N-Grams
A combination of words forms a sentence. However, such a formation is meaningful only when the words are arranged in some order.
Eg: Sit I car in the
Such a sentence is not grammatically acceptable. However some perfectly grammatical sentences can be nonsensical too!
Eg: Colorless green ideas sleep furiously
One easy way to handle such unacceptable sentences is by assigning probabilities to the strings of words i.e, how likely the sentence is.
Probability of a sentence
If we consider each word occurring in its correct location as an independent event,the probability of the sentences is : P(w(1), w(2)..., w(n-1), w(n))

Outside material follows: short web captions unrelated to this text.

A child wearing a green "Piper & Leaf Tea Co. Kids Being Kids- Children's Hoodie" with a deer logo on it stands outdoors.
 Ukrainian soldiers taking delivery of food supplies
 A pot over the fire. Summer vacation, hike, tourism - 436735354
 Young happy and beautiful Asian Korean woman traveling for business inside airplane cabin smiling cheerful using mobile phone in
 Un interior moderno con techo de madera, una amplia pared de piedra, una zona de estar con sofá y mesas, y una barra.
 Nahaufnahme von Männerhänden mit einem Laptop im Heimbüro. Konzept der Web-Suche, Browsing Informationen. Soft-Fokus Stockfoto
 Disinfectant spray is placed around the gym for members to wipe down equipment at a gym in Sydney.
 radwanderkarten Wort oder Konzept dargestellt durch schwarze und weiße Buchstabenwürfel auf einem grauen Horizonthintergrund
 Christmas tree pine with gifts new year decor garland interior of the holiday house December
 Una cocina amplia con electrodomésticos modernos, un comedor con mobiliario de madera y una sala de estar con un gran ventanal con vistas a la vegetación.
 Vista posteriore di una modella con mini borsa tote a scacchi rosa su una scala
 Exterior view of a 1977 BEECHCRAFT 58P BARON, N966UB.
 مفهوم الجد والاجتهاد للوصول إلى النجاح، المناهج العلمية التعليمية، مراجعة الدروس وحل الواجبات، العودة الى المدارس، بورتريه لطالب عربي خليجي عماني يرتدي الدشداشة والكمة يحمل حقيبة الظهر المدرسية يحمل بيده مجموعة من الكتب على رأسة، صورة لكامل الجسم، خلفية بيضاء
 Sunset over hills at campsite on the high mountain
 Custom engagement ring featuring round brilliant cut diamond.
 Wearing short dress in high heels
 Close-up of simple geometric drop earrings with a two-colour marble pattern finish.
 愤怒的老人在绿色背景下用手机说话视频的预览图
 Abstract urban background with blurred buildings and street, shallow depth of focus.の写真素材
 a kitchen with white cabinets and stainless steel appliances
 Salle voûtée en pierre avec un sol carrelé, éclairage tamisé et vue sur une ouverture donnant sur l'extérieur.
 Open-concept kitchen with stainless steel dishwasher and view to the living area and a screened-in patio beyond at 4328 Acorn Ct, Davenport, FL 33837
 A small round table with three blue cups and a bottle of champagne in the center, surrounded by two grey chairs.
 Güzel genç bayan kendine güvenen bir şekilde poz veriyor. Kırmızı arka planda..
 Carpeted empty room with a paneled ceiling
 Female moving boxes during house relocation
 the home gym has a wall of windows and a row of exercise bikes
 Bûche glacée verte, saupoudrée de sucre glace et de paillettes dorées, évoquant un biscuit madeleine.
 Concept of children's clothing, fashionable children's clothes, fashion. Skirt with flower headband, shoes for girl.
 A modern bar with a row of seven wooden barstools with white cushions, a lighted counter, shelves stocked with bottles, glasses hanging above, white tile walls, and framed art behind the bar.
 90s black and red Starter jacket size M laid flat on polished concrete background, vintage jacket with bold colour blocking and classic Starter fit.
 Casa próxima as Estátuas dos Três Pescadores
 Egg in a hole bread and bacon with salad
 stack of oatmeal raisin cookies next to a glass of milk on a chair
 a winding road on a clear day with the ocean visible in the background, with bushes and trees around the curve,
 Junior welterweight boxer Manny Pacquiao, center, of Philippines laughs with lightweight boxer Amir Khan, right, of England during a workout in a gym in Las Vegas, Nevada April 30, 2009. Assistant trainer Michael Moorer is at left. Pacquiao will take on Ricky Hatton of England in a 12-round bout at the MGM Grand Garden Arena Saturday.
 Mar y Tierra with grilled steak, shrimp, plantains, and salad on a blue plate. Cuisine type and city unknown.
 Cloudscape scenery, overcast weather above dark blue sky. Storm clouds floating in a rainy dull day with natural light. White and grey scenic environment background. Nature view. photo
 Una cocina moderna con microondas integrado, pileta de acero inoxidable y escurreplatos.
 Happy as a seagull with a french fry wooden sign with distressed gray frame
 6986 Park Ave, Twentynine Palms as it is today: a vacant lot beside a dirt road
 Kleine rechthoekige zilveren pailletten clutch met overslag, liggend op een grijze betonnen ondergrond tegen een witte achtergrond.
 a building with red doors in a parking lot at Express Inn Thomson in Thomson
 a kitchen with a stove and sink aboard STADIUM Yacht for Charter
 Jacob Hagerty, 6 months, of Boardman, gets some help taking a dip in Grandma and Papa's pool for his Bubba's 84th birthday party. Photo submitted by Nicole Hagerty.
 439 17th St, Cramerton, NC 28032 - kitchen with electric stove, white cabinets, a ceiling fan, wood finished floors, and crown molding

Using chain rule: = P(w(1)) * P(w(2) | w(1)) * P(w(3) | w(1)w(2)) ... P(w(n) | w(1)w(2) ... w(n-1))
Bigrams
We can avoid this very long calculation by approximating that the probability of a given word depends only on the probability of its previous words. This assumption is called Markov assumption and such a model is called Markov model- bigrams. Bigrams can be generalized to the n-gram which looks at (n-1) words in the past. A bigram is a first-order Markov model.
Therefore , P(w(1), w(2)..., w(n-1), w(n)) = P(w(2)|w(1)) P(w(3)|w(2)) ... P(w(n)|w(n-1))
We use (eos) tag to mark the beginning and end of a sentence.
A bigram table for a given corpus can be generated and used as a lookup table for calculating probability of sentences.
Eg: Corpus - (eos) You book a flight (eos) I read a book (eos) You read (eos)
Bigram Table:
(eos) | you | book | a | flight | I | read | |
---|---|---|---|---|---|---|---|
(eos) | 0 | 0.33 | 0 | 0 | 0 | 0.25 | 0 |
you | 0 | 0 | 0.5 | 0 | 0 | 0 | 0.5 |
book | 0.5 | 0 | 0 | 0.5 | 0 | 0 | 0 |
a | 0 | 0 | 0.5 | 0 | 0.5 | 0 | 0 |
flight | 1 | 0 | 0 | 0 | 0 | 0 | 0 |
I | 0 | 0 | 0 | 0 | 0 | 0 | 1 |
read | 0.5 | 0 | 0 | 0.5 | 0 | 0 | 0 |
P((eos) you read a book (eos))
= P(you|eos) * P(read|you) * P(a|read) * P(book|a) * P(eos|book)
= 0.33 * 0.5 * 0.5 * 0.5 * 0.5
=.020625